Tables and contextual rule for Katakana middle dot

Yoshiro YONEYA yone at jprs.co.jp
Wed Apr 8 12:20:25 CEST 2009


Dear all,

Following is proposed modification to KATAKANA MIDDLEDOT definition 
in tables-05 document.  Excluding Alphabet and digit causes somewhat 
implications to existing registration, but I couldn't find legitimate 
explanation for including them as Japanese context.  How to deal with 
the implications is decision of registries.

Appendix A.12.  KATAKANA MIDDLE DOT
   Code point:
      U+30FB
   Overview:
      MUST be used with at least one Han, Hiragana or Katakana.
   Lookup:
      False
   Rule Set:
      False;
      For All Characters:
        If Script(cp) .eq. ( Han | Hiragana | Katakana ) Then True;
        If cp .in.
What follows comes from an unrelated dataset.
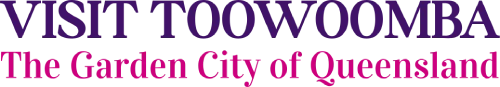 Visit Toowoomba The Garden City Of Queensland logo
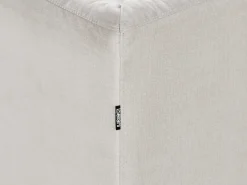 Sofa 3 personers BYSKE Lys Beige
U+3005..U+3007 Then True;
      End For;

Best regards,

-- 
Yoshiro YONEYA <yone at jprs.co.jp>

On Mon, 6 Apr 2009 19:12:58 +0900 Yoshiro YONEYA <yone at jprs.co.jp> wrote:

> Dear Patrik-san,
> 
> Japanese uses Hiragana, Katakana, Han, Alphabet letters (a-z), and 
> digit (0-9) for names.  KATAKANA MIDDLEDOT is usually used with those 
> names, so the following kind of case is really exists and used:
> 
>     Play<KATAKANA MIDDLEDOT>Station<KATAKANA MIDDLEDOT>4.jp
> 
> That is the reason why I said "Japanese context".
> 
> To be precise, Japanese scripts (for IDN) are consists from:
> 
>     Hiragana, Katakana, Han, Alphabet, Digit,
>     IDEOGRAPHIC CLOSING MARK, IDEOGRAPHIC NUMBER ZERO,
>     KATAKANA MIDDLEDOT and IDEOGRAPHIC ITERATION MARK
> 
> Extracting Alphabet and Digit from the list is unacceptable.
> 
> I'll try to express this ambiguous situation more clearly.
> 
> Regards,
> 
> -- 
> Yoshiro YONEYA <yone at jprs.co.jp>
> 
> On Mon, 6 Apr 2009 10:47:20 +0200 Patrik Fältström <patrik at frobbit.se> wrote:
> 
> > On 6 apr 2009, at 09.36, Yoshiro YONEYA wrote:
> > 
> > > Dear John-san and Patrik-san,
> > >
> > > In reality, in Japanese context, KATAKANA MIDDLEDOT (U+30FB) is used
> > > to compose names and to concatenate words, so it is used various  
> > > places.
> > > And sometimes preceeding and/or succeeding character is alphabet or  
> > > digit
> > > ([a-zA-Z0-9]).  Furthermore, KATAKANA MIDDLEDOT is sometimes placed at
> > > the beginning or the ending of names.
> > >
> > > Therefore, it is very difficult to define rule set for KATAKANA  
> > > MIDDLEDOT.
> > > What I can say is:
> > >
> > >    (KATAKANA MIDDLEDOT) MUST be used in Japanese context.
> > 
> > 
> > Yoneya-san,
> > 
> > Can you express this in more specific terms that can be included in  
> > the draft? Do you with "japanese" imply it has to be one of the  
> > japanese scripts (as John said) for example?